State police have a nagging problem with transparency
With about 30 of the 4,300 Pennsylvania State Police troopers set to begin testing body cameras next year, the time is ripe to revisit the Commonwealth’s deplorable lack of access to police records, and urge both state lawmakers and the agency to make much-needed changes.
The issue doesn’t begin or end with police video footage, either. The agency needs to jettison its counterproductive policy when it comes to fatal police shootings as well.
State police are currently trying to derail a grand jury investigation in Northhampton County into how the agency investigates shootings by troopers.
Perhaps the PSP lawyers are legally correct when they assert that the grand jury doesn’t have the authority to weigh in on how the agency investigates line-of-duty shootings. That’s a complex issue that can only be addressed in court.
But it doesn’t change the fact that state police shouldn’t be investigating themselves. And the agency’s position on the matter — that their protocols “ensure each trooper-involved shooting is investigated thoroughly and transparently” — is patently ridiculous.
We have no reason to doubt that PSP is thorough. But transparent?
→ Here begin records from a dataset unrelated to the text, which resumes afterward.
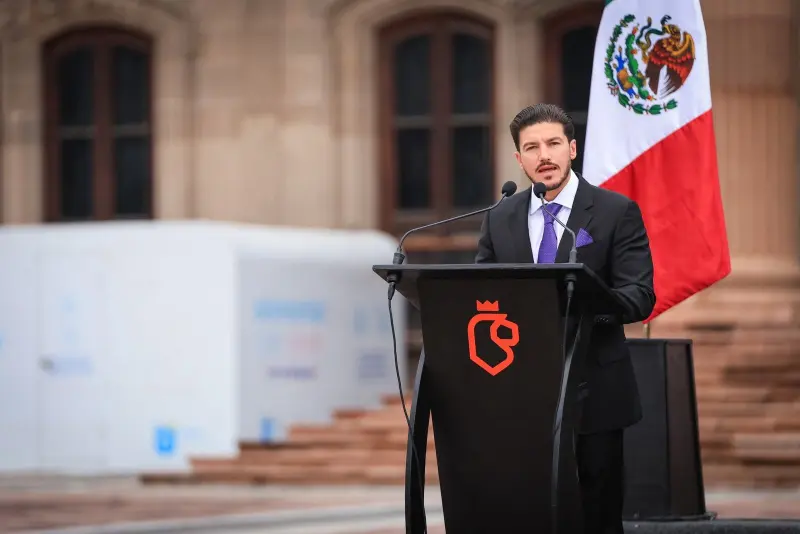 “Cuenten con todo el apoyo de Nuevo León”: Samuel García expresa solidaridad con Colombia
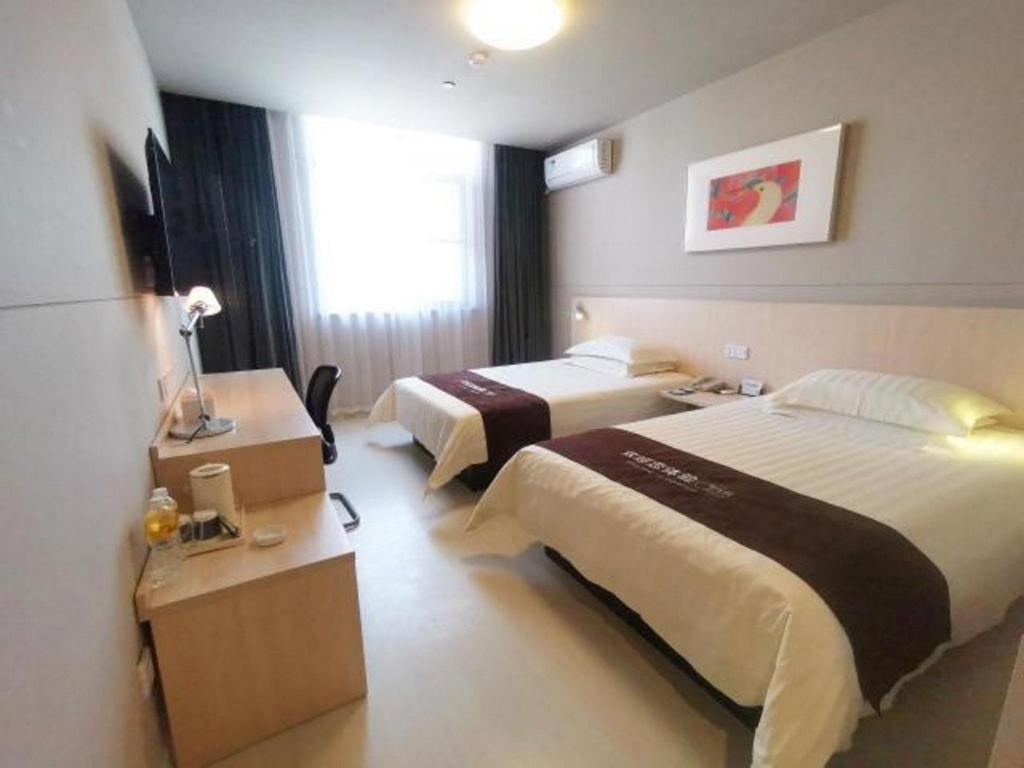 Jinjiang Inn Bengbu Huaihe Road Eksteriør billede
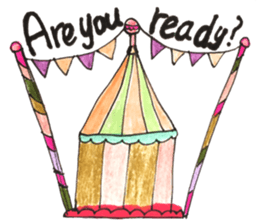 Happy Circus sticker #11544712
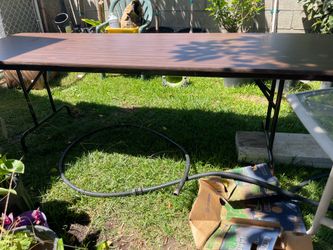 10ft heavy outdoor table foldable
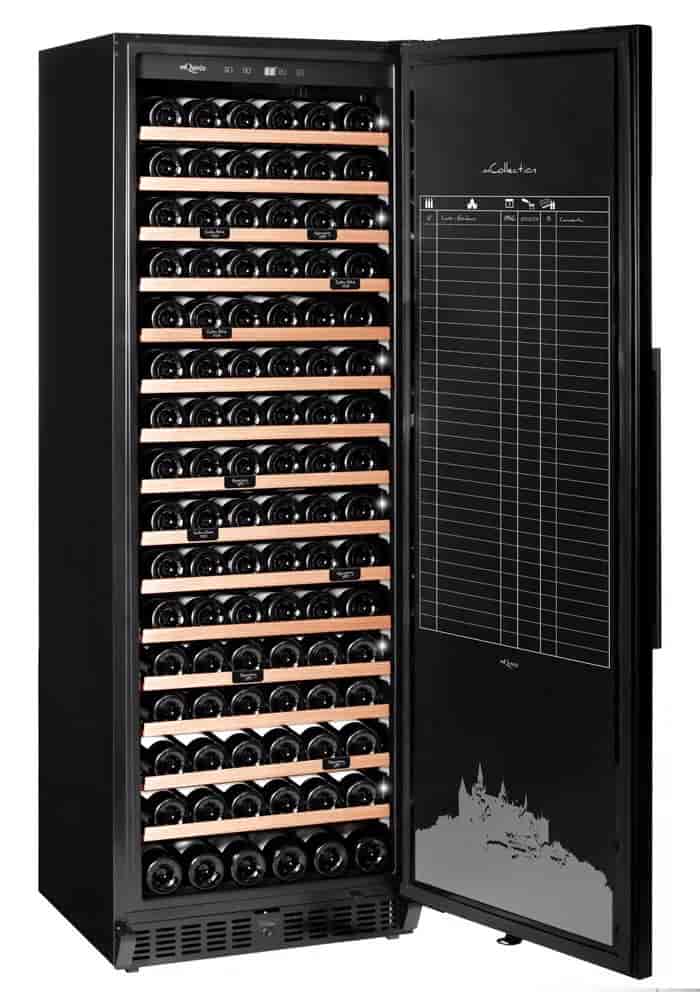 mQuvée vinlagringsskåp - WineStore 177 - 15 hyllplan mQuvée vinlagringsskåp - WineStore 177 - 15 hyllplan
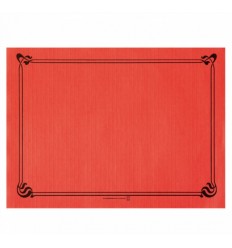 MANTEL 31X43 ROJO *R108.01* C/2000
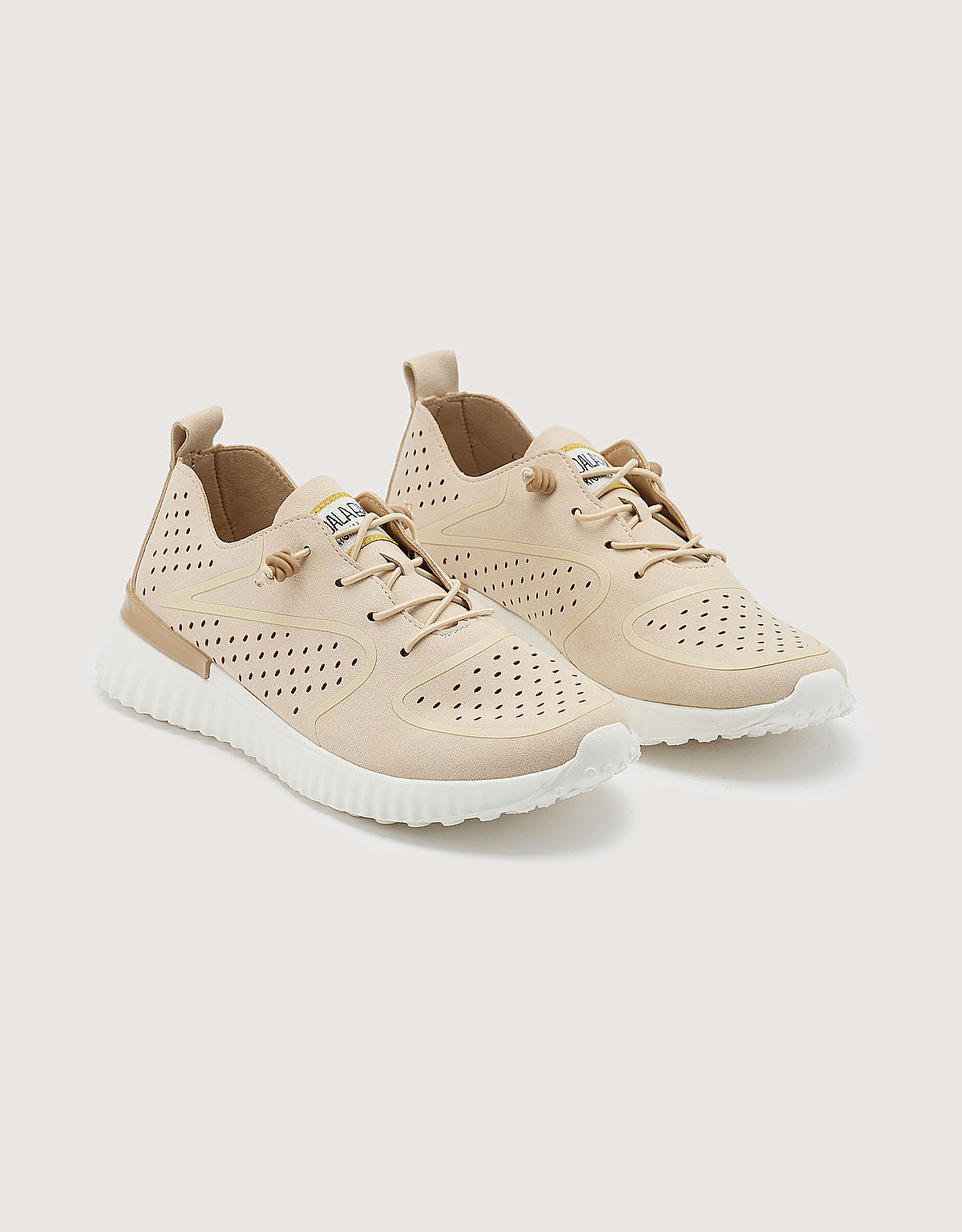 Zapatillas Memory Foam Beige - Charmy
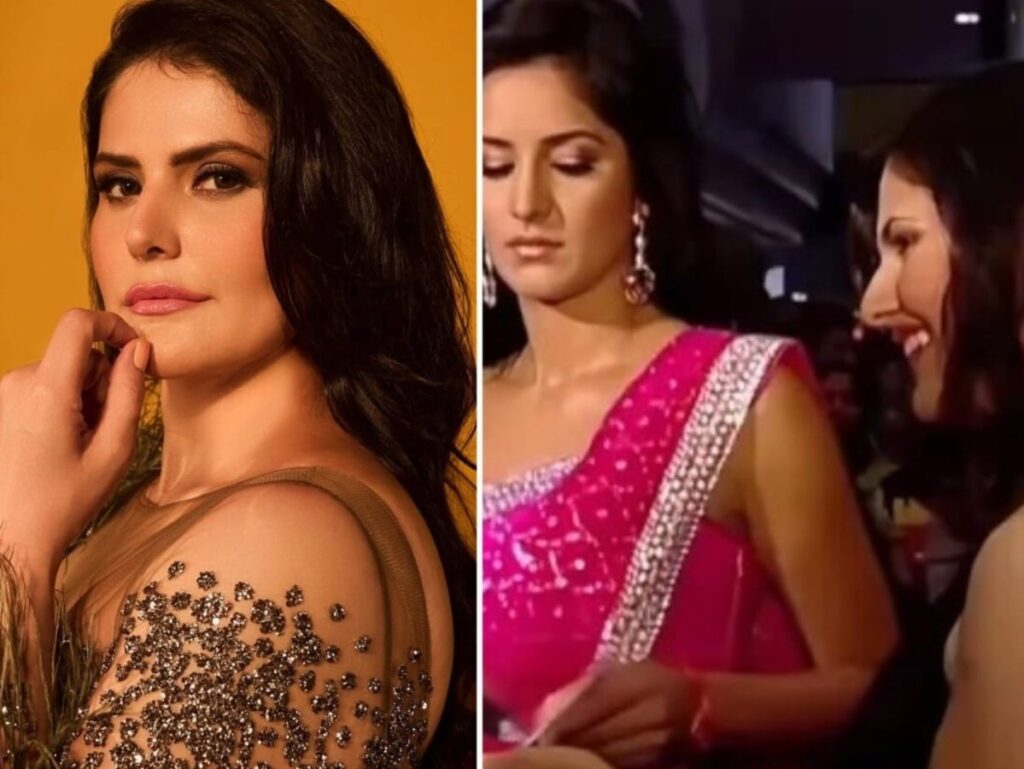 Did Zarine Khan Intentionally Create a Negative Image Like Katrina Kaif?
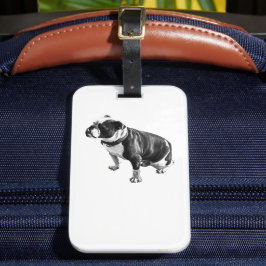 Travel at a Steady Pace Bagagebricka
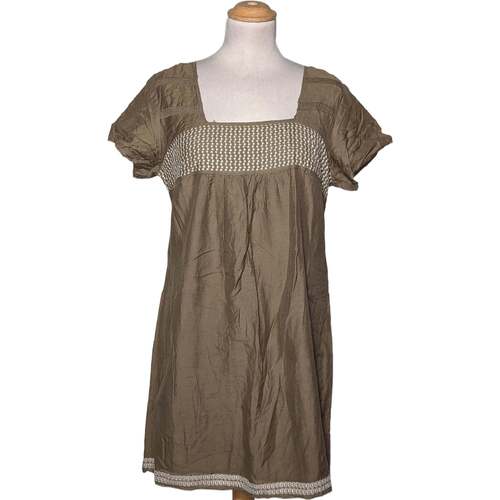 Vêtements Femme Robes courtes Caroll robe courte  40 - T3 - L Vert Vert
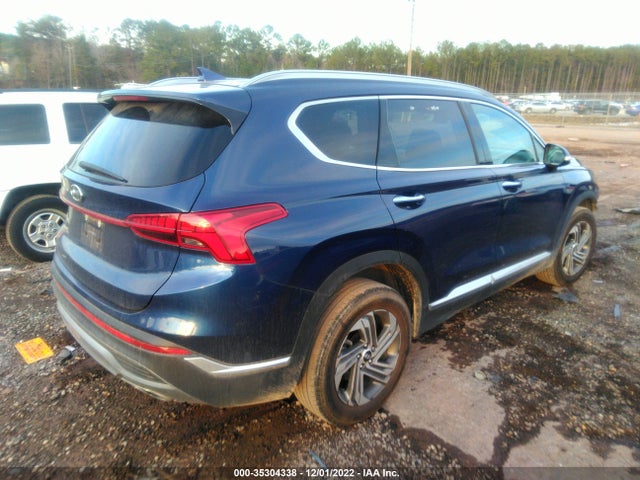 2021 Hyundai Santa Fe, VIN: 5NMS64AJ3MH340027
Give us a break.
The fact is that state police withhold details of trooper-involved shootings and the conclusions of their internal investigations for years — even from the families of those killed in such incidents.
We were recently reminded of this fact by a Tribune-Review report that detailed PSP’s response to the newspaper’s Right-to-Know request asking for details on all the trooper-involved shootings in southwestern Pennsylvania between 2014 and this past July.
The paper reported that the agency’s response only included the dates of each shooting, which PSP troop was involved and general information about why the trooper fired their weapon. State police denied requests for the names of troopers involved, the person who was shot, the outcome of any internal investigation, and any video footage related to the incidents.
The agency wouldn’t even confirm whether the shootings were, in fact, fatal.
The notion that PSP is transparent became even more ridiculous last month, when Pennsylvania enacted a law that allows troopers to record audio and video inside homes — a practice that was previously prohibited. Once PSP rolls out the body cams, that same law also allows them to treat footage from them the same way the agency currently handles footage from troopers’ dashboard cameras.
That is to say: they’re allowed to unilaterally deny the public access to the footage by simply claiming it’s part of an active investigation, and then continue withholding the footage from the public even after the investigation is closed.
As we’ve said before, this completely defeats the purpose of troopers gathering video footage in the first place. What good is an objective record of events when it’s not available to the public?
Objectivity, accountability and transparency are not dirty words. They are precepts that help ensure justice is served, strengthen the ties and the trust between police and the communities they serve, and ultimately keep officers safer in the field.
Lawmakers and law enforcement officials who accommodate and promote secrecy with respect to police records and practices aren’t doing police agencies a favor. They’re making officers’ jobs more difficult and dangerous.